The duet was such a roaring success that Barber returned to sing on "Tout se passe" for Automne — which also features a duet with folk band Rio Samaya, whose marrying of Latin rhythms and romantic melodies makes Morin cite them as one of his favourite local acts — and will likewise appear on the next two albums in the seasonal cycle, with Adieu Hiver fittingly slated for release this spring.
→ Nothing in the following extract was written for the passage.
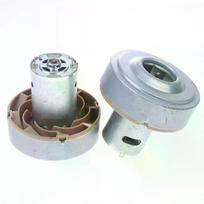 Mikroanglinių šepetėlių variklis, 120W 545 Didelio greičio, 12V DC, 1/2 vnt. dulkių siurblio dalims 1pcs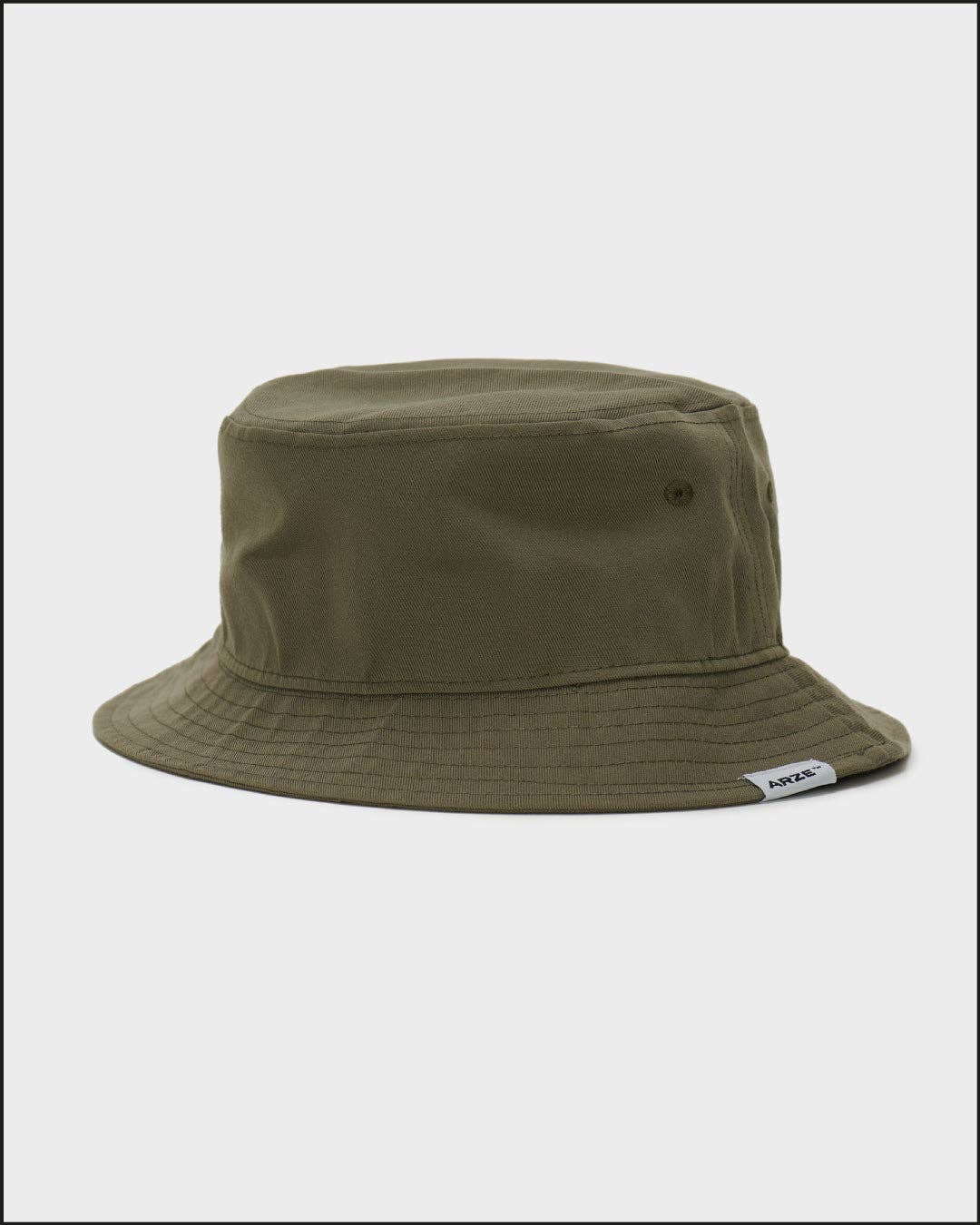 ARZE™ – wholesale Bucket hat – Unisex – OLIVE GREEN BUCKET HAT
Barber and Morin filmed the music video with director Richard Wilson at Whytecliff Park, near West Vancouver's Horseshoe Bay.

Morin returns to another local landmark in the new live video for "Tu m'avais pourtant dit," which reworks the original opening track of that same album, shot by Mac De Vinci at the historic Columbia Theatre. The Moorish-style New Westminster venue opened in 1927 as the province's first atmospheric theatre, making it a fitting locale to debut the musician's revisitation of the song. Although it was only released in 2021, it's undeniable that much has changed in the almost two years that have passed. In an ongoing pandemic and amid social upheaval, nothing has gotten easier to navigate.


This sense of tension colours the dark pulse of "Tu m'avais pourtant dit." Morin's performance of it, complete with film footage on the screen behind him and an understatedly dazzling lighting display, stands as a testament to the strangeness of this moment. The electropop opus evokes bodies and movement, yet the singer-songwriter performs it to an empty room in the austere building.

But no matter how things evolve, Morin remains. In a city best known for its anglophone rock and metal exports, he and his synth-laden, French-laced explorations of electronica and pop are a unique fixture of Vancouver's musical ecosystem — and his lab experiments are primed to explode its future.